Today I got a note from one of those online confidential document handlers instructing me to upload my letter of recommendation for this younger philosopher. I was never contacted by the younger philosopher directly; I was never asked about my willingness to write a letter. And, more importantly, that conference paper is the only thing I've ever read by that younger philosopher. So even had I wanted to write a recommendation letter, I'd not have enough time to read other material (which would be necessary in order to write a decent letter). What's worse, the confidential document handler email does not give instructions for denying the request for the letter.

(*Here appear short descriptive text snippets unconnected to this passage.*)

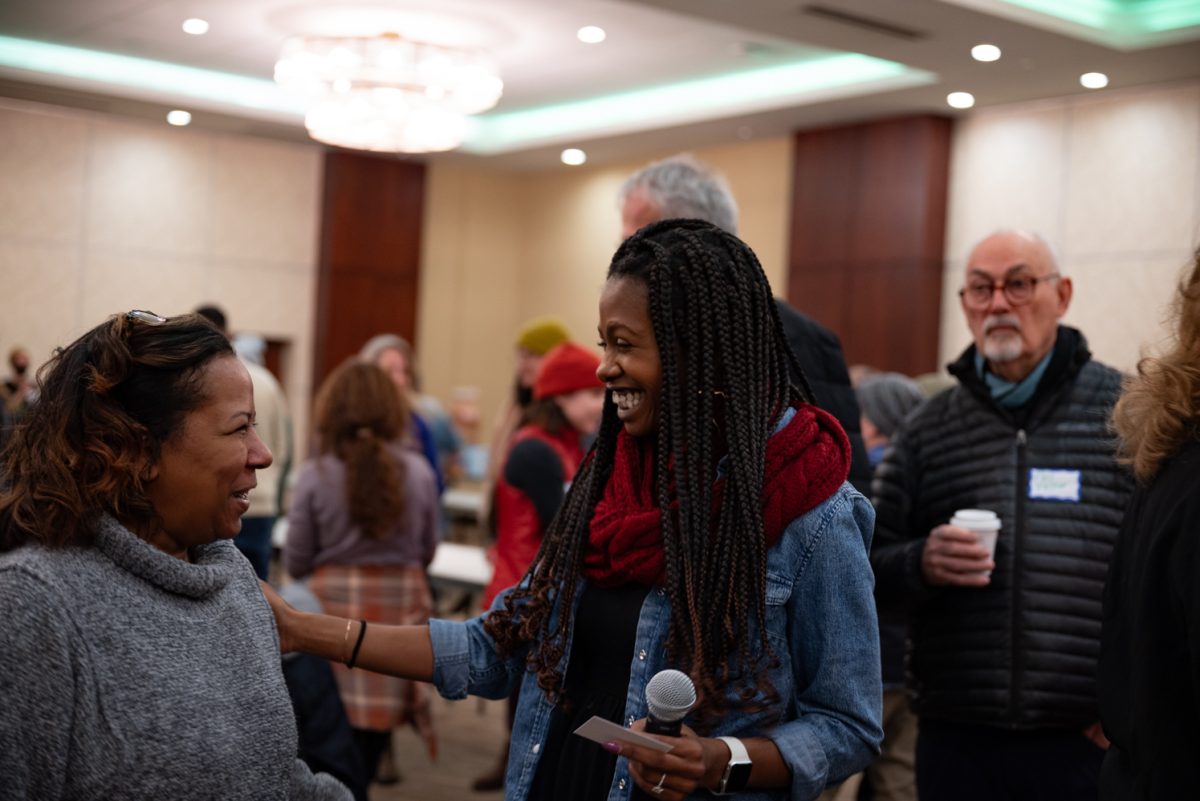 BIPOC Alliance core team member Rashida Perez connects with Homeward Alliance Grants Coordinator Tara Hunter at the Day of Service for Martin Luther King Jr. Day.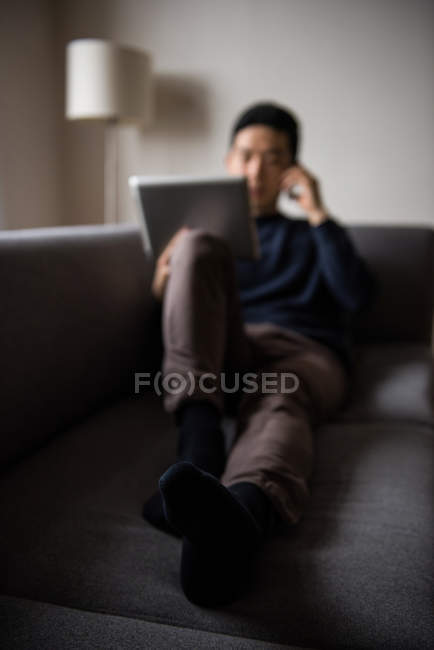 Людина розмовляє на мобільному телефоні і використовує планшет у вітальні вдома — стокове фото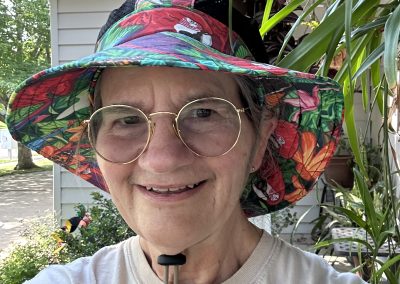 Becky Rawls-Riley wearing a handcrafted boonie hat among garden plants, reflecting her artisan headwear design work.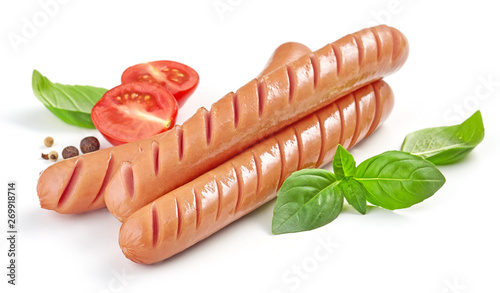 фотографія grilled sausages on white background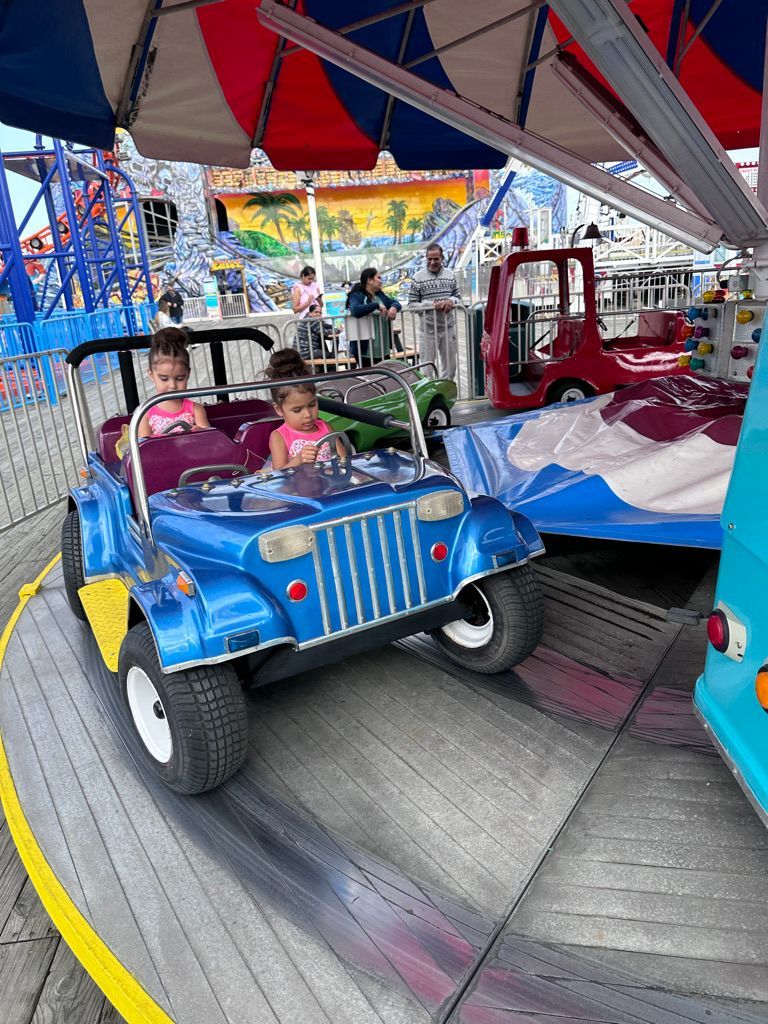 Two children in a blue Jeep ride on a carousel at an amusement park.
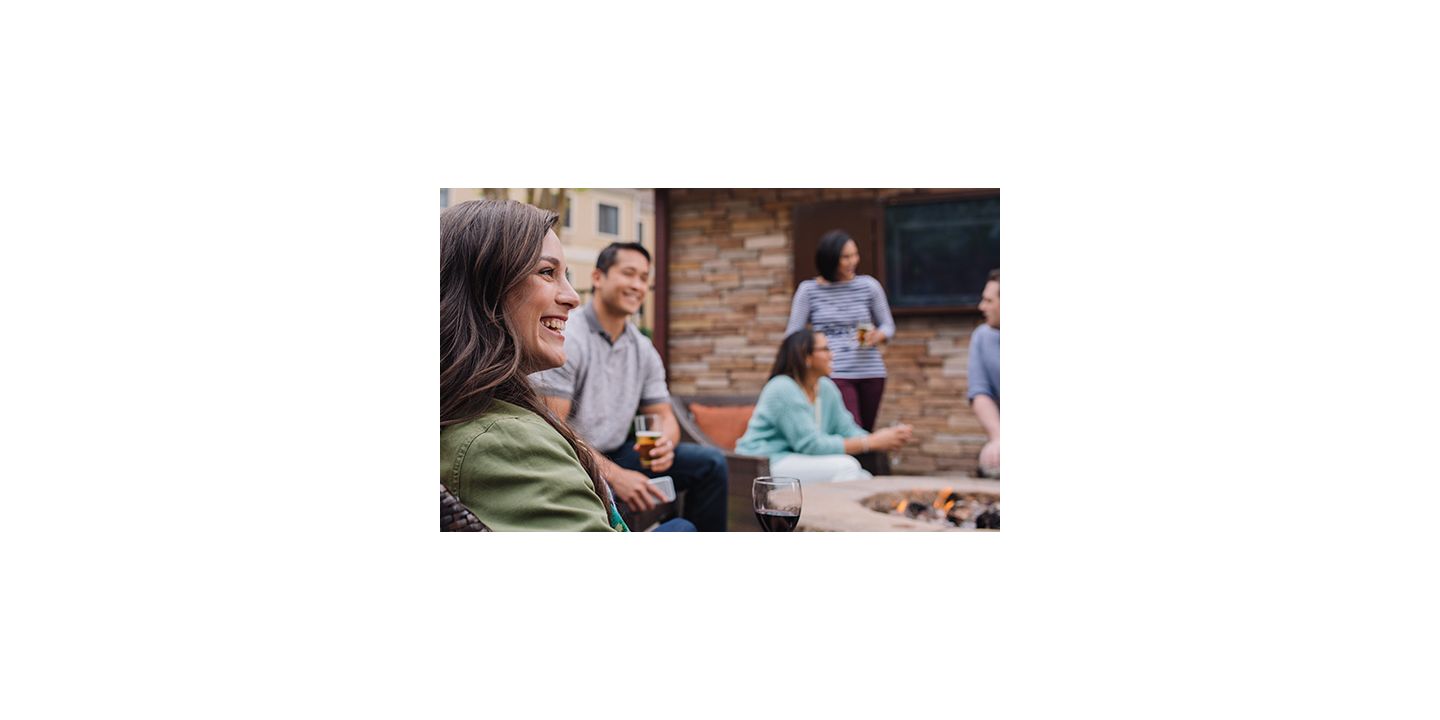 焚き火を囲み笑顔でお酒を飲む人々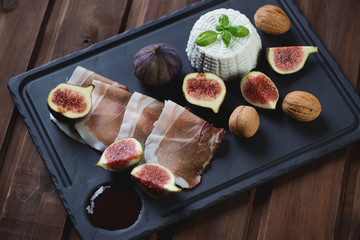 Basalt plate with ricotta cheese, ham, fresh figs and walnuts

This strikes me as unacceptable and rude. I'm tempted to send in a brief letter explaining how inconsiderate and clueless this person is.

Saturday, October 9, 2010

October JFP

I have not had the opportunity to scrutinize it carefully yet, but the JFP looks pretty bad-- at least as bad as last year's. Although the overall number of ads seems like an improvement, there seems to be a sizable portion of open rank positions and non tt positions. Moreover, many of the "web only" ads are repeats of the summer ads, and I'll bet that may of the remaining "web onlys" will be reappear in the November JFP.

Ongoing trends seem to be: Ethics, Social & Political, and Philosophy of Law seem disproportionally well represented, as does Ancient.

If anyone has had the chance to study closely the JFP, please feel free to share your findings.

Insane Clown Posse, Christians

The Insane Clown Posse are Christians.
ICP have a fearsome reputation, fostered by news reports showing teenagers in juggalo T-shirts arrested for stabbing strangers and lyrics like "Barrels in your mouth/bullets to your head/The back of your neck's all over the shed/Boomshacka boom chop chop bang."All of which makes Violent J's recent announcement really quite astonishing: Insane Clown Posse have this entire time secretly been evangelical Christians.
I don't see what's so "amazing" about a pair of lying idiot opportunists being Christian. The really hilarious part is Violent J's claim that he and Shaggy "think for a living."

Thursday, October 7, 2010

Jack Vindicated

On NPR today, Steve Inskeep interviewed one Michael Norton of Harvard Business School about popular beliefs about wealth inequality in the US. Turns out (no surprise) that people greatly underestimate the degree of inequality. But (surprisingly) people think that wealth should be distributed far more evenly than they think it currently is. Apparently Norton got comparable results across the usual political divides (Democrat / Republican and the like). Norton says:
If you think again in percentage terms, so the top 20 percent, as I said, have 85 percent of the wealth, most Americans want them to have roughly 35 percent of the wealth. You're talking about 50 percent of all the wealth in the United States, which as you can imagine is a very, very large number. People would like that to be more evenly distributed across people with less income.
Go, Jack, go!

Sunday, October 3, 2010


I just read the following sentence:

"Judicial review insures that democratically enacted laws are constitutional."

Am I right to think that the third word is incorrect? Shouldn't it be "ensures"?

This mistake seems to be getting increasingly common-- in professional publications. Views?

Friday, October 1, 2010

Ironic? It Didn't Seem So...

"Dude, but I totally get everything I ever read by Hegel... Fuck you."

--One undergrad in a crooked baseball cap to another, entering the building on campus.